▶ _ASSIGNED TASK_
Each line of the listing must be transcribed exactly, except for the images, which should be excluded.

▶ _MATERIAL SHOWN_
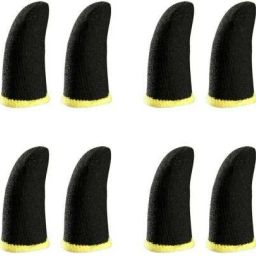 Breathable Mobile Finger Sleeves Touch Game Controller Trigger for Pubg Finger Finger Sleeve-image-59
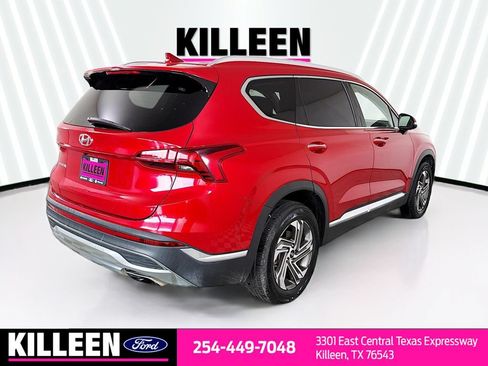 Used 2022 Hyundai Santa Fe SEL w/ Convenience Package FWD image 9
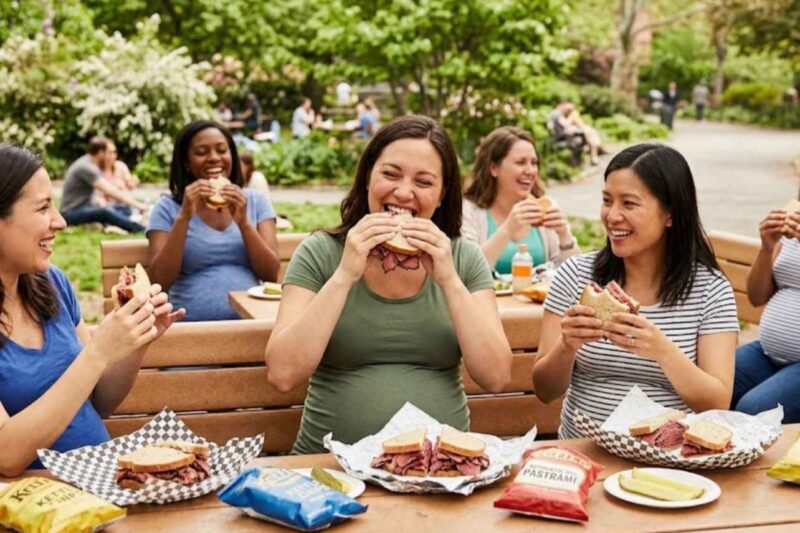 Can Pregnant Women Eat Pastrami? Safe Practices & Risks Explained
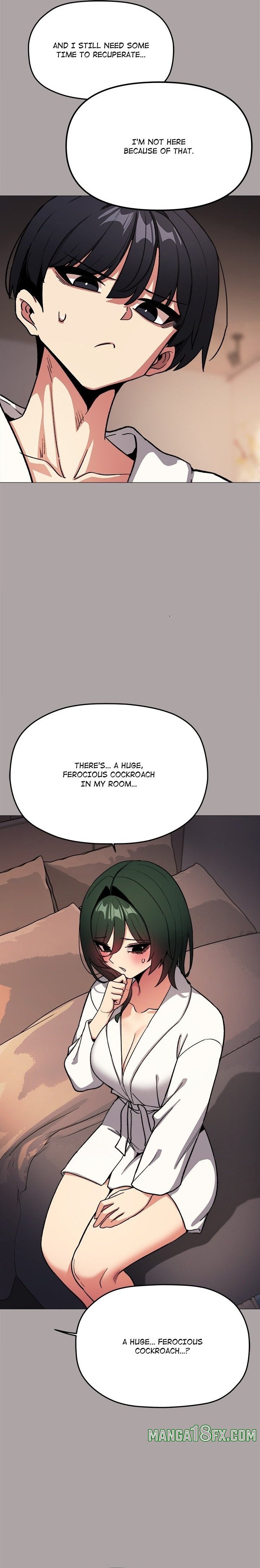 Stop Smoking Chapter 86 - Page 10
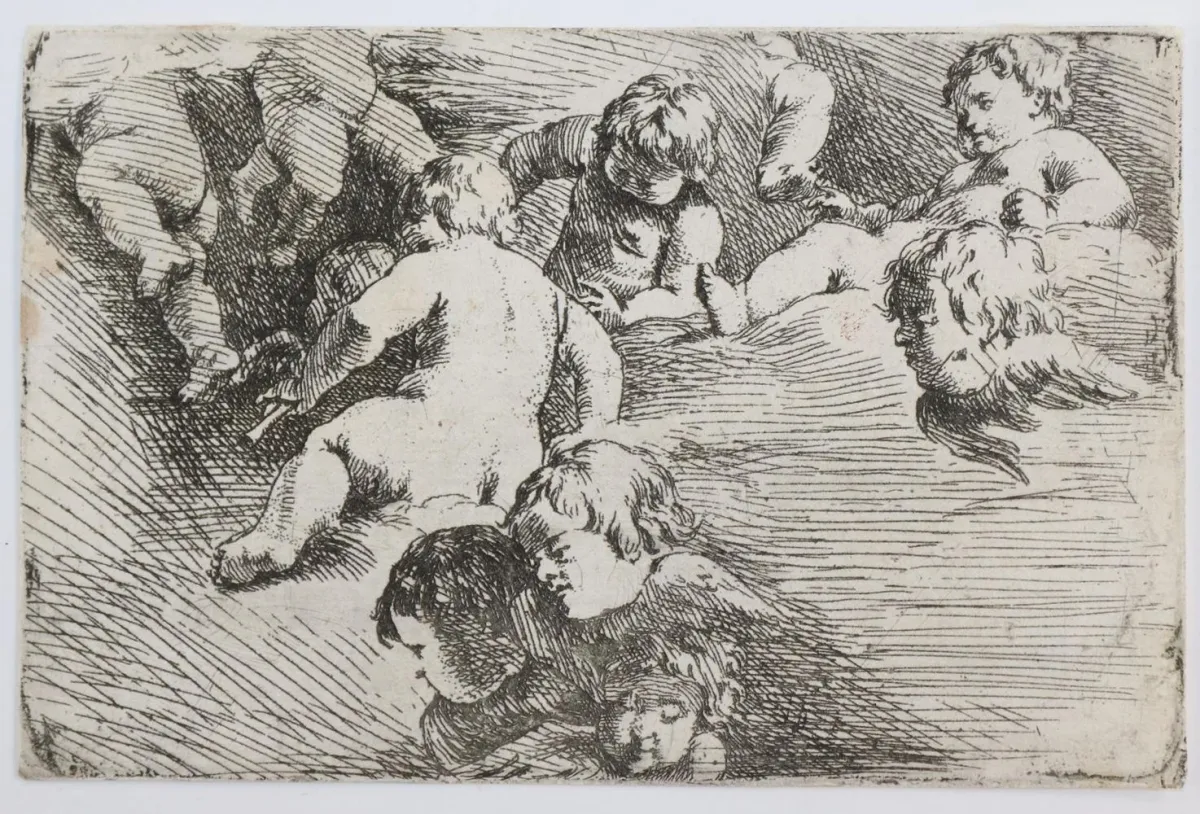 Bisschop, Jan de (zlatynizowane: Johannes Episcopius) – (1628 Amsterdam - Haga 1671)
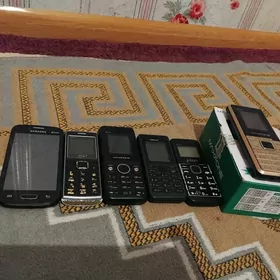 Samsung 7262/Prastoylar...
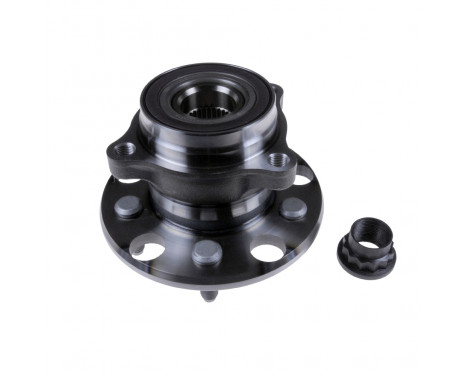 Wheel Bearing Kit ADT38381 Blue Print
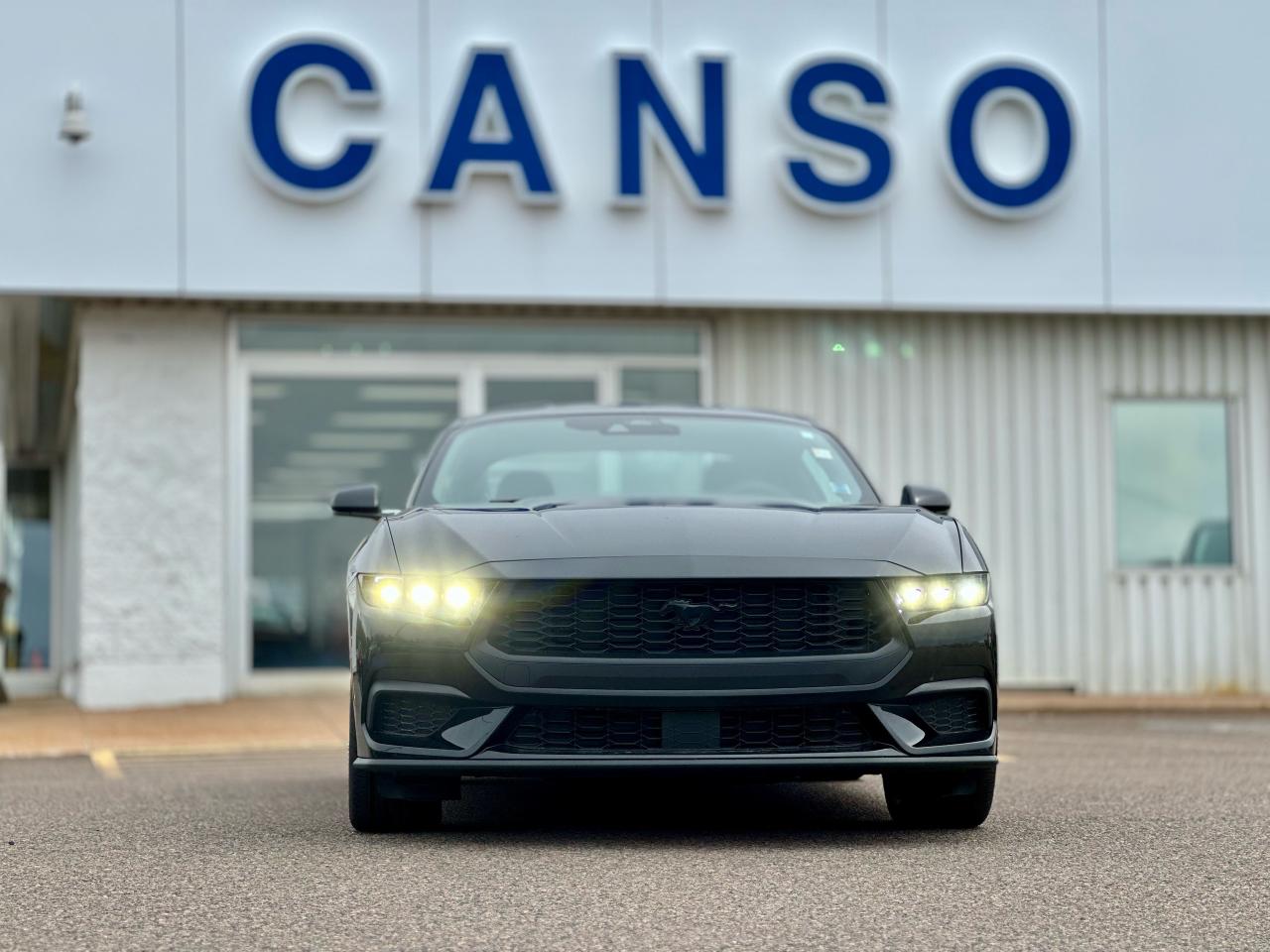 2025 Ford Mustang EcoBoost Fastback Photo1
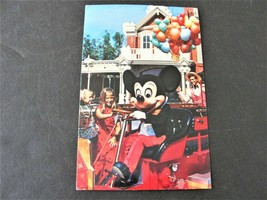 Mickey Mouse, Miami, Florida - 1980 Postmarked Postcard. - £6.99 GBP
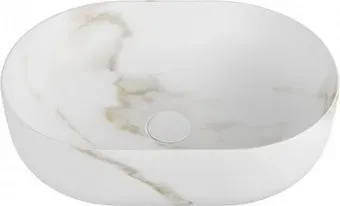 Teymi Solli 48 Artceramic T50386 (мрамор белый матовый)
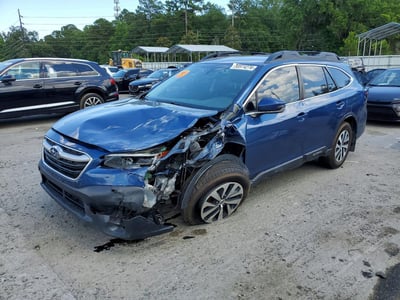 2022 Subaru Outback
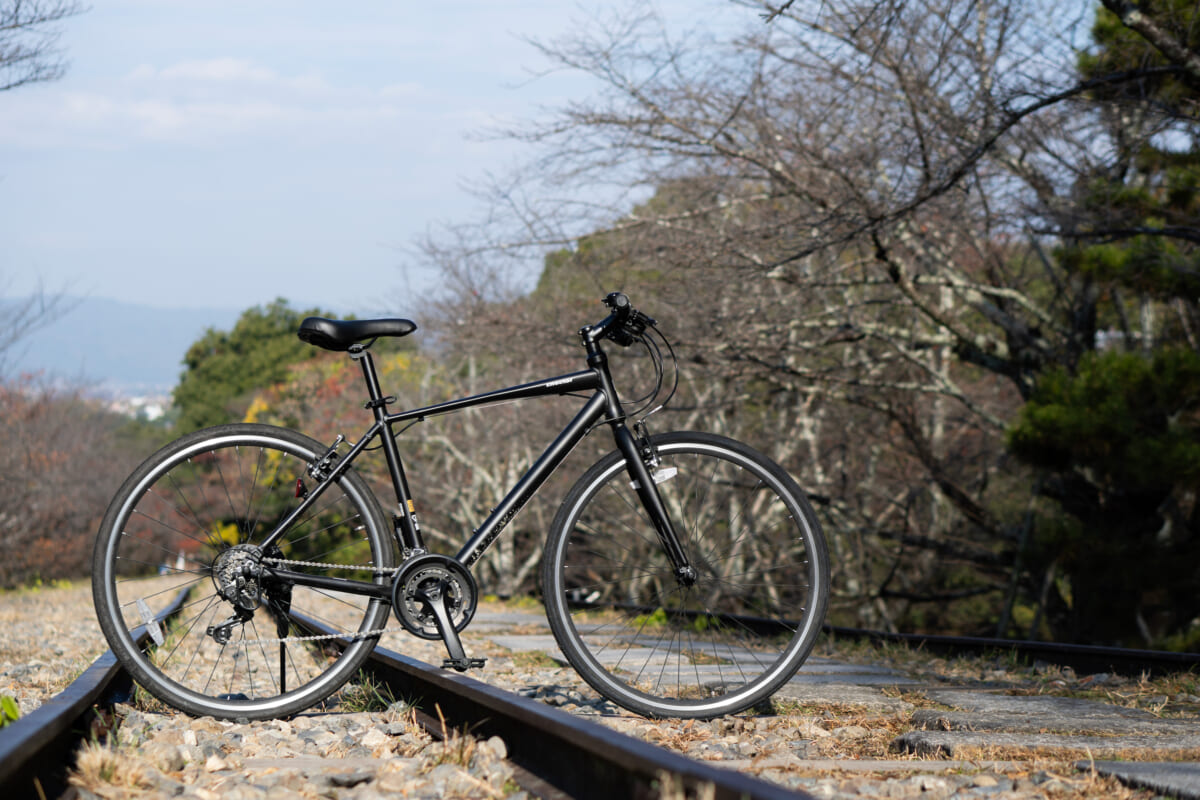 サイクルどり～む 店内
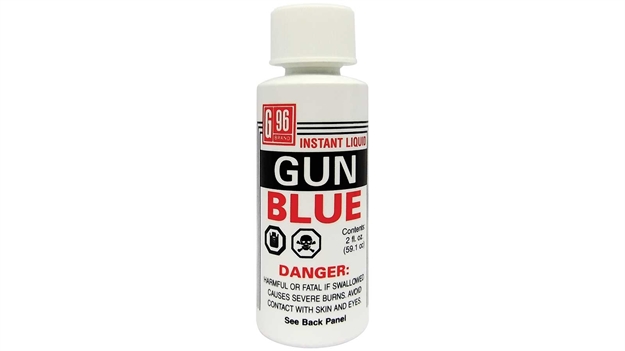 Picture of G96 Liquid Gun Blue (2 Oz.) *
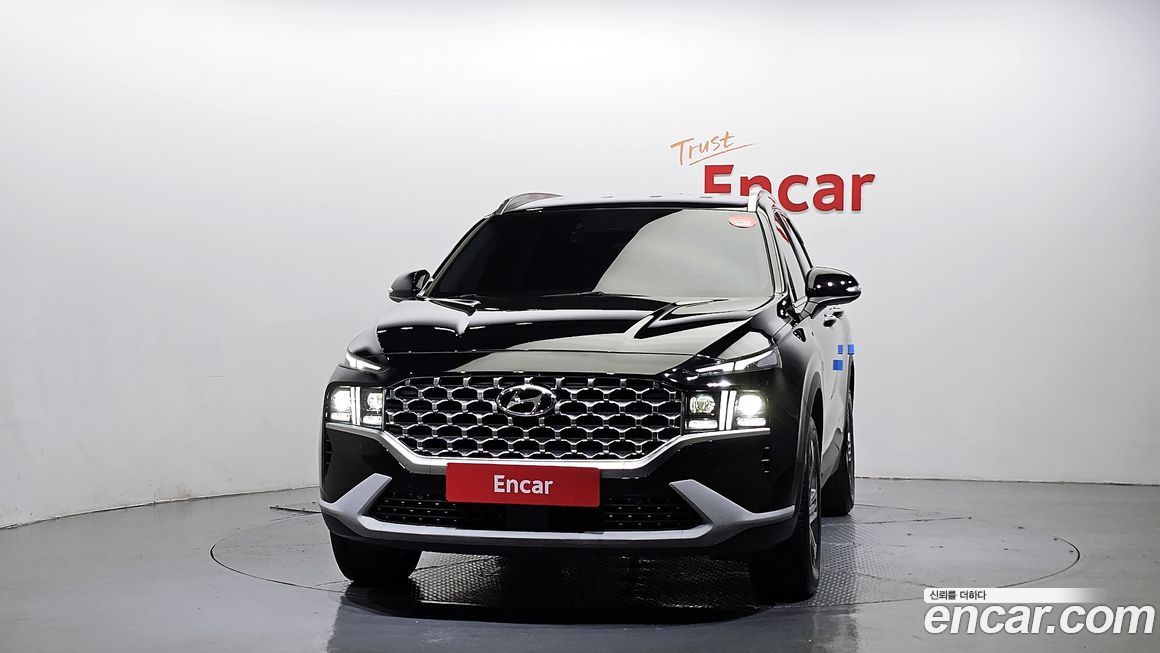 Hyundai Santafe 2021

▶ _ANSWER SECTION_
 Breathable Mobile Finger Sleeves Touch Game Controller Trigger for Pubg Finger Finger Sleeve-image-59
 Used 2022 Hyundai Santa Fe SEL w/ Convenience Package FWD image 9
 Can Pregnant Women Eat Pastrami? Safe Practices & Risks Explained
 Stop Smoking Chapter 86 - Page 10
 Bisschop, Jan de (zlatynizowane: Johannes Episcopius) – (1628 Amsterdam - Haga 1671)
 Samsung 7262/Prastoylar...
 Wheel Bearing Kit ADT38381 Blue Print
 2025 Ford Mustang EcoBoost Fastback Photo1
 Mickey Mouse, Miami, Florida - 1980 Postmarked Postcard. - £6.99 GBP
 Teymi Solli 48 Artceramic T50386 (мрамор белый матовый)
 2022 Subaru Outback
 サイクルどり～む 店内
 Picture of G96 Liquid Gun Blue (2 Oz.) *
 Hyundai Santafe 2021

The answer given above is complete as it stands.